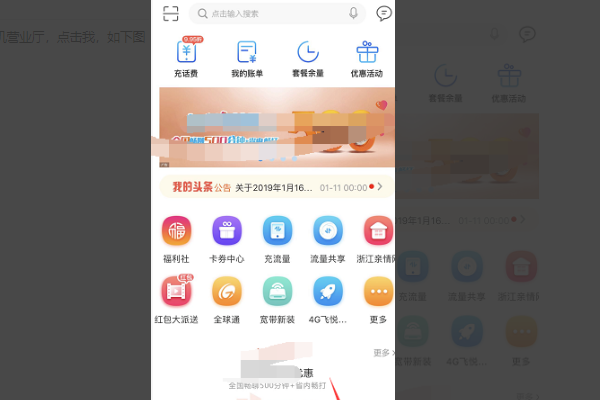 中国移动产生的积分有什么用处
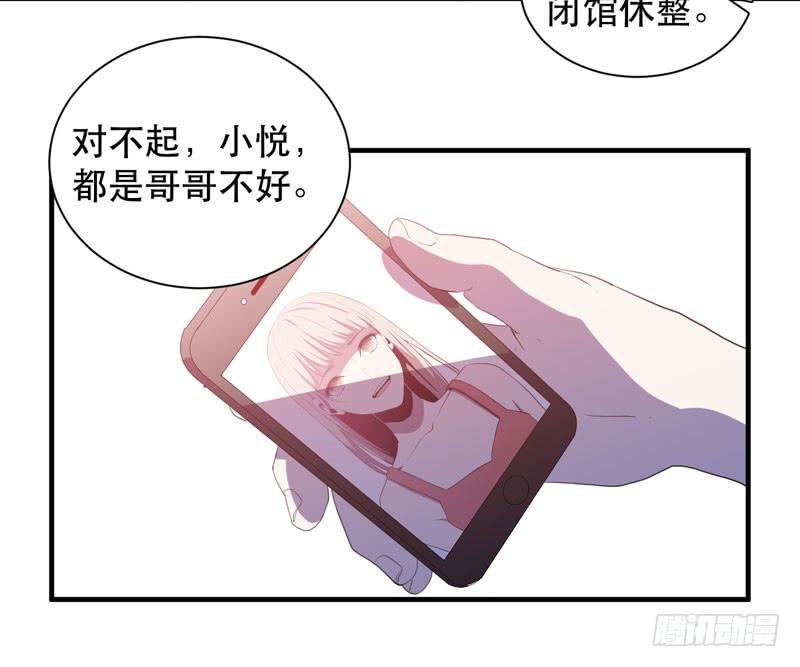 谁说成年人不能参加少儿运动会？(1/2)-第40话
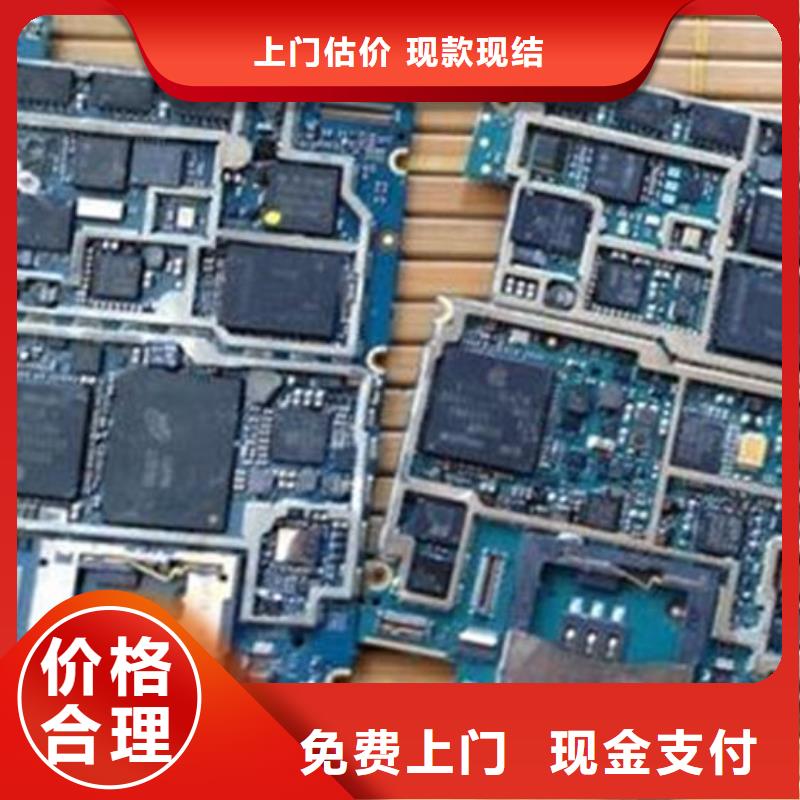 回收
鍍金電路板誠信回收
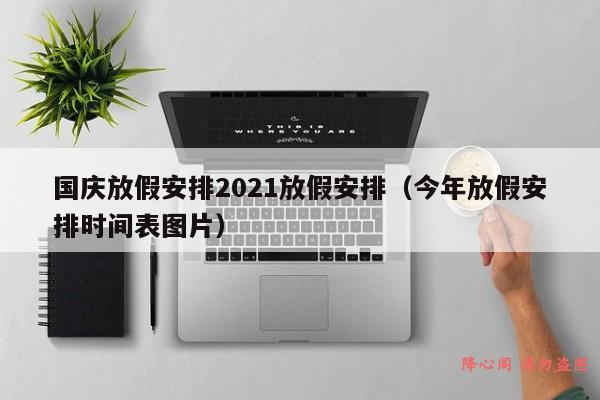 国庆放假安排2021放假安排（今年放假安排时间表图片）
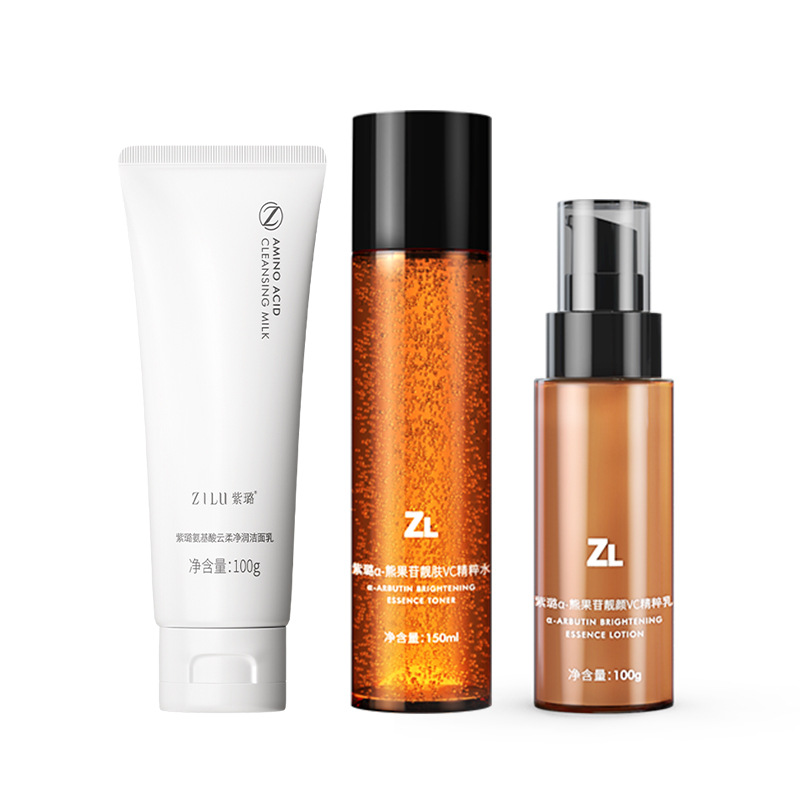 퍼플루 α-알부틴 에센스 워터-150ml+에센스 밀크-100ml+아미노산 클렌저 100g [부드러운 물티슈 80매 무료]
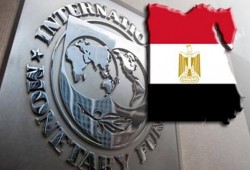 يبشر بتعويم جديد.. "صندوق النقد" يُقرض السيسي 2.5 مليار دولار وزيادة 46% للدين الخارجي!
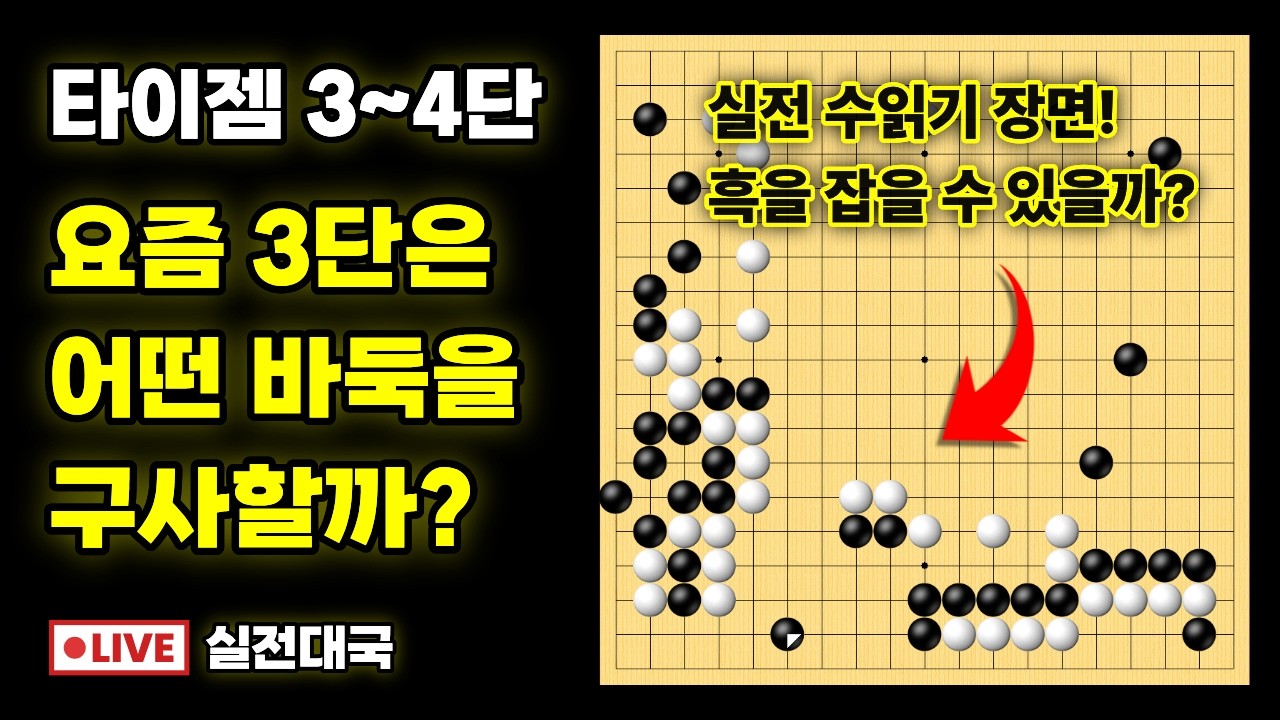 실전대국해설 - 요즘 3단은 어떤 바둑을 구사할까?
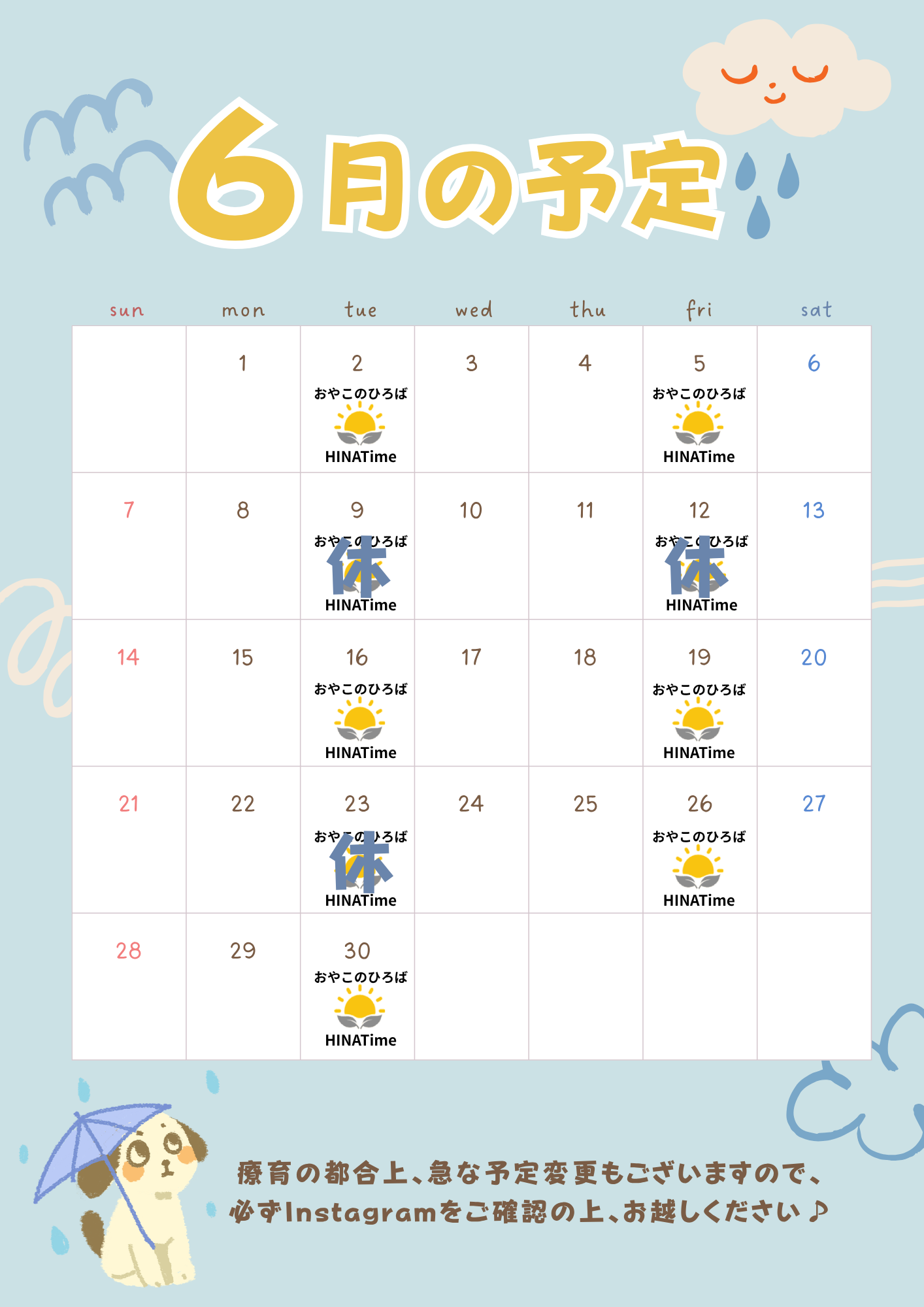 HINA Time (10:30-12:00). 未就学児と親がのんびり出来るお家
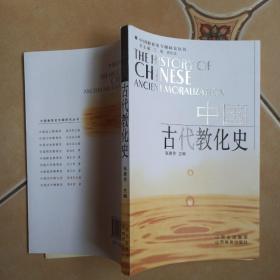 中国古代教化史    ......B10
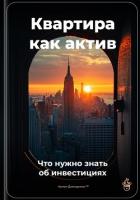 Квартира как актив: Что нужно знать об инвестициях - Демиденко Артем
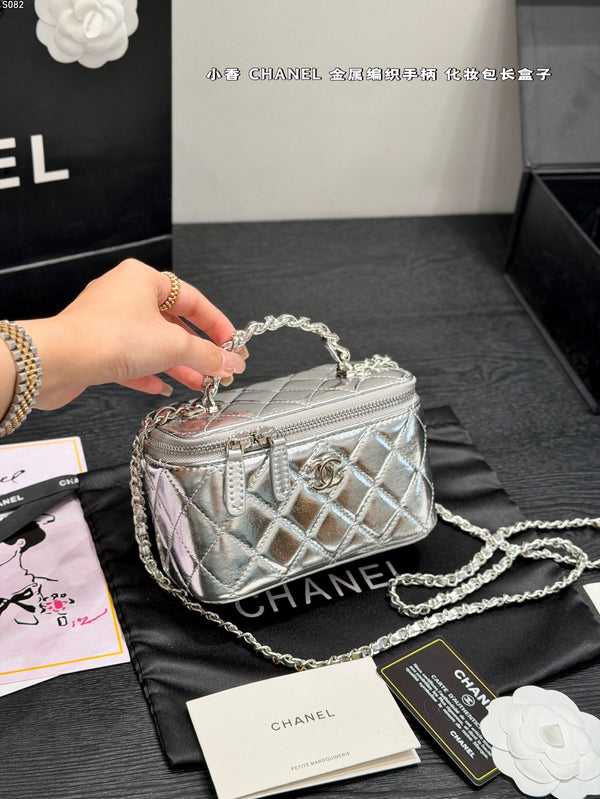 Metallic Vanity Case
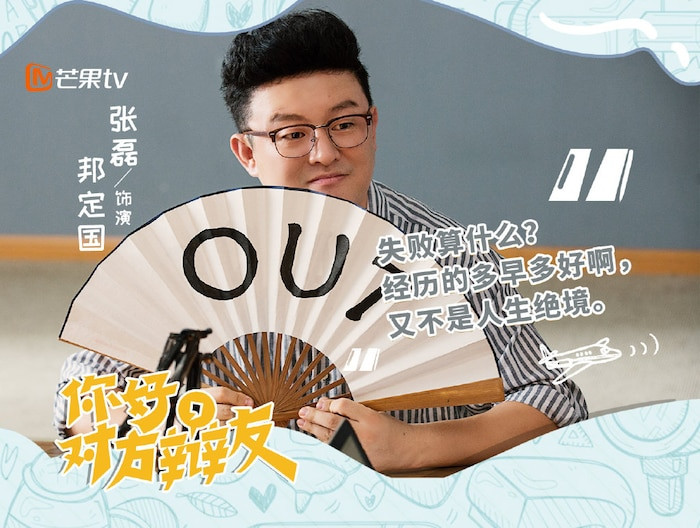 7 điểm giống nhau đến bất ngờ giữa “Em Là Người Tốt Nhất Thế Gian” và “Lê Hấp Đường Phèn“ ảnh 10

━━━━━━━━━━

Required action: Print every line of the material exactly as written, but drop the pictures.

Response to the task:
 中国移动产生的积分有什么用处
 谁说成年人不能参加少儿运动会？(1/2)-第40话
 回收
鍍金電路板誠信回收
 国庆放假安排2021放假安排（今年放假安排时间表图片）
 퍼플루 α-알부틴 에센스 워터-150ml+에센스 밀크-100ml+아미노산 클렌저 100g [부드러운 물티슈 80매 무료]
 يبشر بتعويم جديد.. "صندوق النقد" يُقرض السيسي 2.5 مليار دولار وزيادة 46% للدين الخارجي!
 실전대국해설 - 요즘 3단은 어떤 바둑을 구사할까?
 HINA Time (10:30-12:00). 未就学児と親がのんびり出来るお家
 中国古代教化史    ......B10
 Квартира как актив: Что нужно знать об инвестициях - Демиденко Артем
 Metallic Vanity Case
 7 điểm giống nhau đến bất ngờ giữa “Em Là Người Tốt Nhất Thế Gian” và “Lê Hấp Đường Phèn“ ảnh 10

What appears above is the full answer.